#### [What to work on]
Set down, exactly and only, everything from the line containing "This subtype is" down to the line containing "Now the question" in the data below; the pictures are not part of the copy.

#### [Record excerpts]

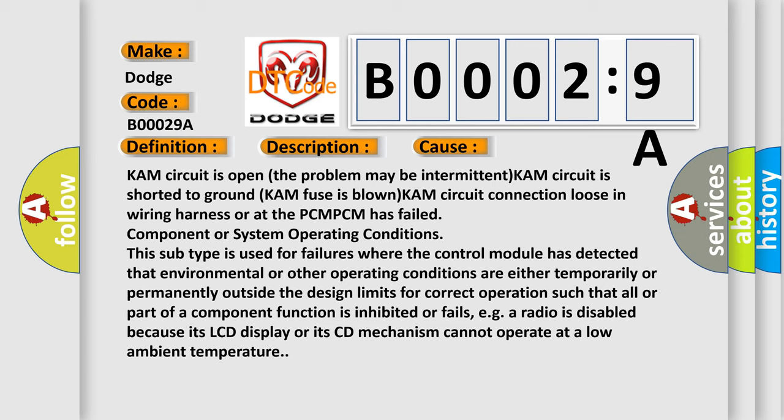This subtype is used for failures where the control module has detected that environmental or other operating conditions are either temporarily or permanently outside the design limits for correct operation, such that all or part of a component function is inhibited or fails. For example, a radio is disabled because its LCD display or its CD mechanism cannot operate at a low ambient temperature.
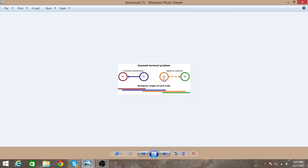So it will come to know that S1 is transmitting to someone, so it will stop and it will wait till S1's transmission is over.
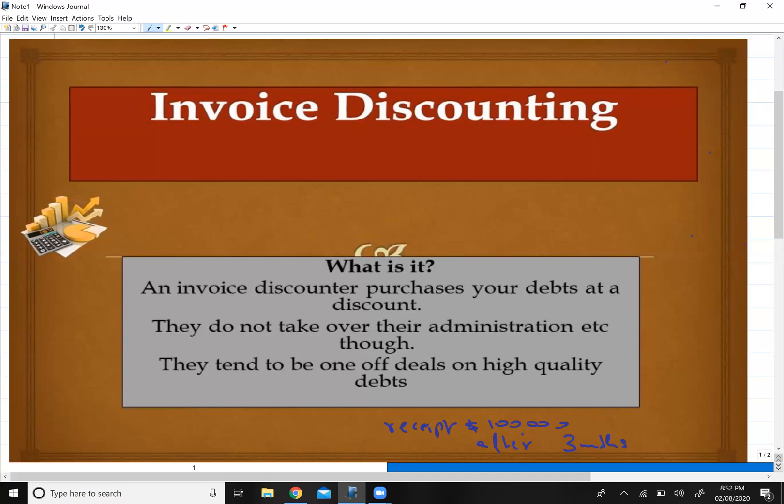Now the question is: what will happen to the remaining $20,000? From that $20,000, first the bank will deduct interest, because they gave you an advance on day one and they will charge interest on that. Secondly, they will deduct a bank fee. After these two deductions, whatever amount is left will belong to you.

---

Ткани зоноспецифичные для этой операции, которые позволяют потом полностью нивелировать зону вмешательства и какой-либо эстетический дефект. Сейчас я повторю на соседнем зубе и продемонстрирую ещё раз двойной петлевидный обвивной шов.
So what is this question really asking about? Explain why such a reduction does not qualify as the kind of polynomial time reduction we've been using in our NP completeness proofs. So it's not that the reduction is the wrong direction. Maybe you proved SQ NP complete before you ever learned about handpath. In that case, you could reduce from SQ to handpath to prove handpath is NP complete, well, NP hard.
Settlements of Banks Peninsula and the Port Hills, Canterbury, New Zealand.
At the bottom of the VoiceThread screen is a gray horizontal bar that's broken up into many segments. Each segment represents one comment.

#### [Answer below]
This subtype is used for failures where the control module has detected that environmental or other operating conditions are either temporarily or permanently outside the design limits for correct operation, such that all or part of a component function is inhibited or fails. For example, a radio is disabled because its LCD display or its CD mechanism cannot operate at a low ambient temperature.
So it will come to know that S1 is transmitting to someone, so it will stop and it will wait till S1's transmission is over.
Now the question is: what will happen to the remaining $20,000? From that $20,000, first the bank will deduct interest, because they gave you an advance on day one and they will charge interest on that. Secondly, they will deduct a bank fee. After these two deductions, whatever amount is left will belong to you.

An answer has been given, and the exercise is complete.